Not all but some products could have adverse consequences if allowed to freeze. Better safe than sorry and bring your products into a more temperate, controlled environment. Especially during these recent cold snaps.
 
bring the more important products (unless you can bring them all in) indoors and put them in a closet or something. i also give them a good shake every few weeks to help keep them from seperating, it certainly won't hurt...
 
Luckily I used the expensive ones about 3 weeks ago so they should be ok. I will move them to the basement tomorrow... thats a consistent 45-50*F and its about the best I will be able to do. Temps in the garage now are hovering around 36-37.... hopefully I didn't mess up my $500+ in products.... their is not words in the english language to discribe my hatred for winter!



DG
 
I'd avoid freezing temps, but I've never had any problems from letting the shop get down to the mid-thirties, did it for years at my previous place, and when I had the door(s) open I'm sure it got colder than that for short periods. I now have the thermostats set at ~45 and that's more than warm enough to keep everything OK.

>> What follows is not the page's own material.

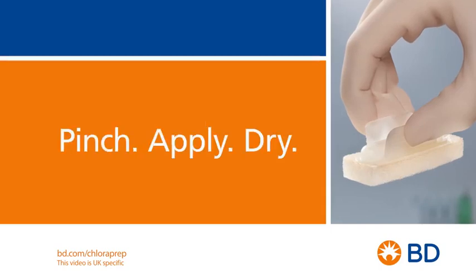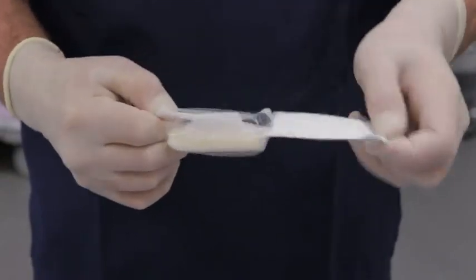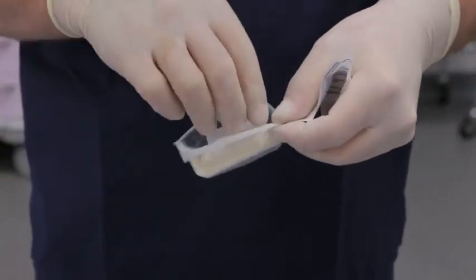Simply pinch, apply and dry. To get started, remove the FREP applicator from its packaging using an appropriate aseptic technique.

But warm up polishes, paint cleaners, waxes, clays before using, and warm up the vehicle you're working on too.
 
Well, Unfortunately it had already been under 30*F in the garage.... I know this because a bottle of this old meguiars rubber shine was frozen, and my RMG was funkly lookin; however, all my other stuff was not frozen or separated, it was just cold. I shook everything up really good before moving it to my basement which is 45-50*F at all times. Hopefully I will still have good results next year.



Dan
 
The only thing I have found is seperation. Other than that, I have not had any problems with leaving it in my garage...similar conditions that you experience.
 
I asked a similar question earlier in the winter. I brought it all in and piled it up in my basement. Its much easier to bring it all in and be on the safe side, than take a chance of having your expensive products go south due to avoidable circumstances.
 
craigdt said:
What about really hot weather? Like keeping products in a garage during the summer that gets 100+ degrees?



I've heard (from Bavid B or Lynn P, forget which) that clay can get too-soft from high temps but I've never experienced that. The only product I've had go bad was some Meguiar's #34, which turned thin/clear/useless.



This was in my previous shop, where it got so hot that the overhead door motor would go inop.